Space, Sport & Supercomputers: Mumbrella 360 Presentation on 'How to Supercharge Uptake of Innovations'
This article was kindly contributed by StudioSpace agency House of Kitch - a leading strategic communications agency with a specialty in health, wellbeing and behaviour change.
It was incredible to host a panel on how to supercharge the uptake of innovations as part of the Mumbrella 360 Conference. When we heard the conference theme was “Dare to Disrupt”, we decided to bring in some natural born disruptors to decode the creative genius behind true disruption.
I have thought long and hard about why getting people to adopt innovations is so hard – even when it’s in their best interest, and it comes down to the fact that change can be scary.
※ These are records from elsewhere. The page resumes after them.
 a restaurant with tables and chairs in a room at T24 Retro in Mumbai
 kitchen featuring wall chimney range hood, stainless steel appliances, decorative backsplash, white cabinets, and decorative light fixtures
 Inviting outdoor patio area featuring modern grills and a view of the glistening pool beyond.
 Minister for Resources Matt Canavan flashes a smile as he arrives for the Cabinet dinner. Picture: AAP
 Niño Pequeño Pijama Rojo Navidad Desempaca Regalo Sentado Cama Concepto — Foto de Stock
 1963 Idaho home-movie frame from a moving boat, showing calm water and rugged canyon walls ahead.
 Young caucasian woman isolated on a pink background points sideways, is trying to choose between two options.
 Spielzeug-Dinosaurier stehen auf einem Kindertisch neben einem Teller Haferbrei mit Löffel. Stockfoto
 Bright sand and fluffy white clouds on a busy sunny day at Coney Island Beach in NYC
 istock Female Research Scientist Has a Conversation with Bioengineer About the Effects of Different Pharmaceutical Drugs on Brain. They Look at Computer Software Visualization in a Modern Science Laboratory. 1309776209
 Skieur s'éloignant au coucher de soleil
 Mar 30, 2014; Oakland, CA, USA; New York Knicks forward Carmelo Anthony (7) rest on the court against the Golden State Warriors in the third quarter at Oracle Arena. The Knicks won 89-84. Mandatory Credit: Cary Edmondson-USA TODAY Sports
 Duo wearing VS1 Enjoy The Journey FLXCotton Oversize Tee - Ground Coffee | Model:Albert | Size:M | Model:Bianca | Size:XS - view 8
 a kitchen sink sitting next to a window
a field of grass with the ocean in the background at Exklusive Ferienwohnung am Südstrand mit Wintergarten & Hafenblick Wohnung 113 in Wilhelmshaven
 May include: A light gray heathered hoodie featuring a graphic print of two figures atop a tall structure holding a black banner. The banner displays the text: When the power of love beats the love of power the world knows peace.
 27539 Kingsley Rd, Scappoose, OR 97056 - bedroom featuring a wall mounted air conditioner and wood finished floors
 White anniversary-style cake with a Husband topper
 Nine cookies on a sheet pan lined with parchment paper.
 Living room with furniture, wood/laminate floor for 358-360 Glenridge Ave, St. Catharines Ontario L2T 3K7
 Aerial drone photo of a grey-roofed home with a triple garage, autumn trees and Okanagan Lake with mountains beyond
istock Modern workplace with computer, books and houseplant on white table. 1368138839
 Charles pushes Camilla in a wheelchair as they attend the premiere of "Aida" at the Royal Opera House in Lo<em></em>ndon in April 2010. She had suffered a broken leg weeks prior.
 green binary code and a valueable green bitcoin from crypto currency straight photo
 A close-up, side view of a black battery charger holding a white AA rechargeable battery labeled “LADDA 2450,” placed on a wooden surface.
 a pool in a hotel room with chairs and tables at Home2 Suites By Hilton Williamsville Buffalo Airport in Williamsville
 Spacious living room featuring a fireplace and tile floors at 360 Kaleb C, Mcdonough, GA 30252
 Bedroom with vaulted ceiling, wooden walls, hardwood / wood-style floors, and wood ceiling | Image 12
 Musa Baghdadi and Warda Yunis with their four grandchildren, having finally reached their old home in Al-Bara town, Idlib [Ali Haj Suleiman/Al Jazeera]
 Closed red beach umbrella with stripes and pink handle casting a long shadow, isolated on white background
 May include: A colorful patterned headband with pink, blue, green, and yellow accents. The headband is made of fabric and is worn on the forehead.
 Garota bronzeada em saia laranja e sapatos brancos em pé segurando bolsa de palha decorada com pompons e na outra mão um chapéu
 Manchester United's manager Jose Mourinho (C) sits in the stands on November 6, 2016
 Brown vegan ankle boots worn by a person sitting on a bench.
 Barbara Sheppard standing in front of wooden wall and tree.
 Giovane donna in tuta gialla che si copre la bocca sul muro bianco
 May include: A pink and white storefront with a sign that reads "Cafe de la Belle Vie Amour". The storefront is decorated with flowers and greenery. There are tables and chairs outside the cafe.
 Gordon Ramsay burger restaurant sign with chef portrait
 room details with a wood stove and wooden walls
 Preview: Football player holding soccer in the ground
As humans our behaviour is hard-wired to keep us safe. We know that what we did before didn’t kill us, so why try something new?
The crux of behaviour change is how to get people to move from our safe, comfortable known world and make a leap into an unknown abyss.
Amazing things can be achieved when people are inspired under a unifying vision that is creatively executed. The panel discussed how important it is to paint an emotionally compelling vision and strategy to bring others along.
POWER OF VISION
Sarah Walsh, Head of AFC Women’s Asian Cup™ 2026, Football Australia, outlined how Football Australia planned an emotionally compelling journey from the outset. “In our strategy meetings we talked about creating moments - like they will remember where they were when they saw a Sam Kerr goal - because they’ll talk about for years as they did for Cathy Freeman’s race.”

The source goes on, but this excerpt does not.